President Reagan's controversial hands-off policy toward new sugar price supports, already a source of concern among his own budget and foreign-policy advisers, now has drawn indirect criticism from seven Latin American sugar-producing countries.
In a formal letter to Secretary of State Alexander M. Haig Jr., ambassadors from the seven nations--all dependent on sugar sales to the United States--have warned that congressional approval of the price supports will adversely affect their economies and contribute to unrest or violence.
Their message went to the State Department as the House began gearing up for debate on a four-year farm bill that would reestablish a price-support program to prop up U.S. sugar producers.
Opponents, headed by Reps.

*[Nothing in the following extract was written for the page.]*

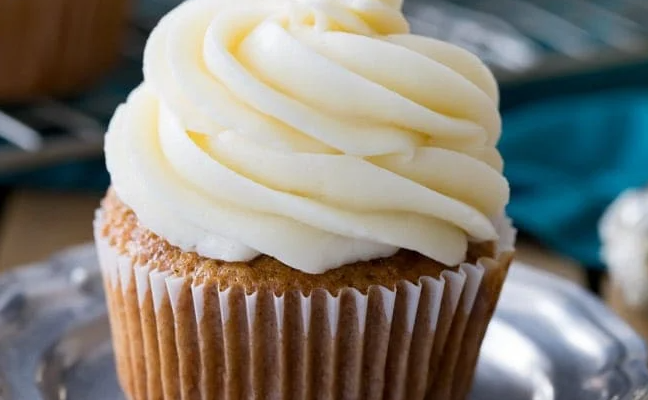 Delicious cupcake topped with a smooth layer of cream cheese frosting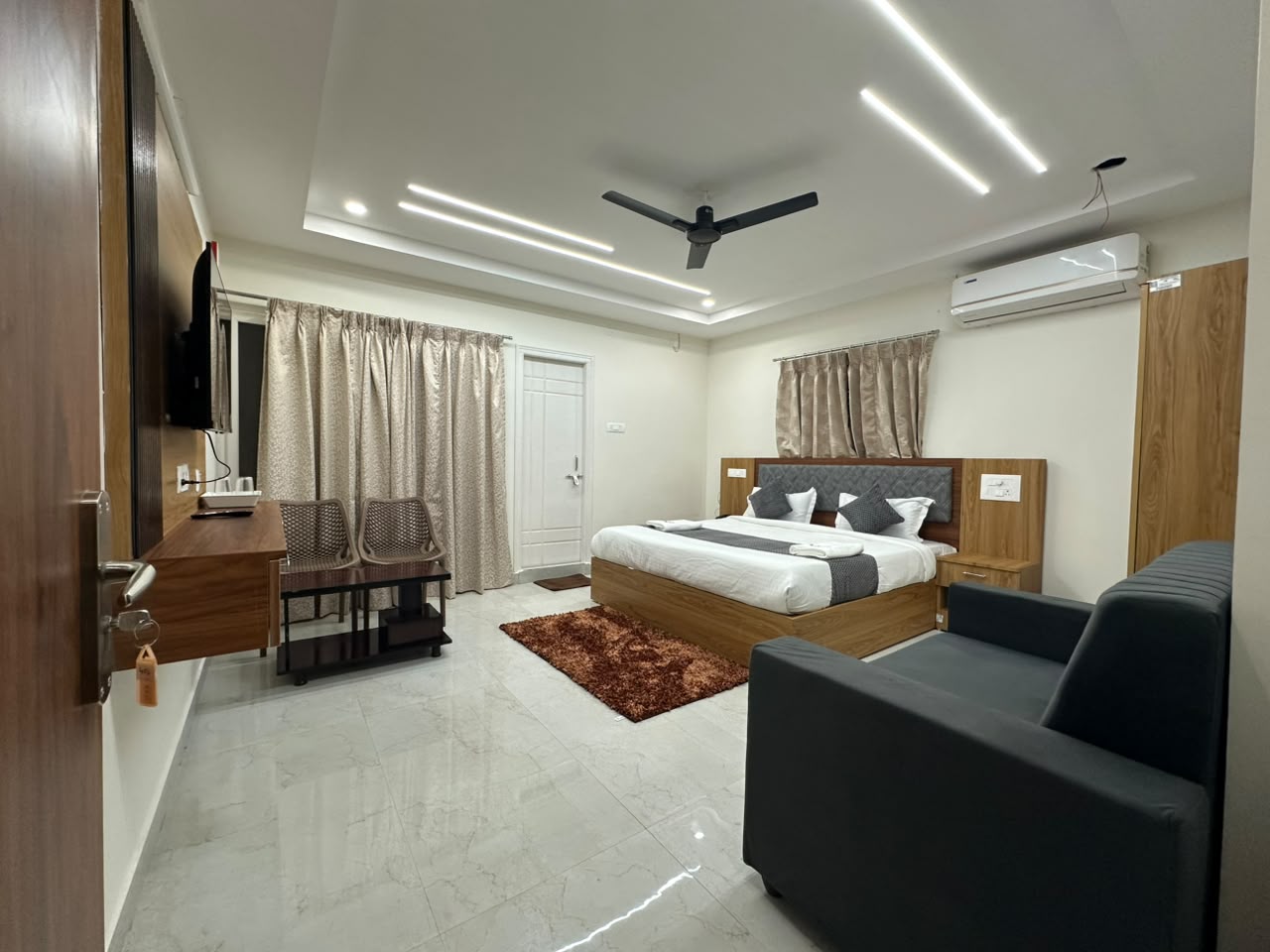Guest room interior at Hotel Dharani Grand KPHB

Peter Peyser (D-N.Y.) and Margaret Heckler (R-Mass.), are expected to succeed in knocking the sugar program out of the bill when it reaches the floor. But the Senate included a sugar program in its bill last month, and industry lobbyists expect that a final farm measure will contain some type of sugar supports.
The U.S. sugar industry gained some unanticipated ground over the summer when Reagan, who had not endorsed a price-support scheme, agreed to accept whatever Congress produced in return for the votes of several key sugar-state legislators on his economic program.
Since then, however, as world sugar prices have continued on a downward trend, other administration policymakers have registered concern that a new sugar program could have costly budgetary and foreign-affairs consequences.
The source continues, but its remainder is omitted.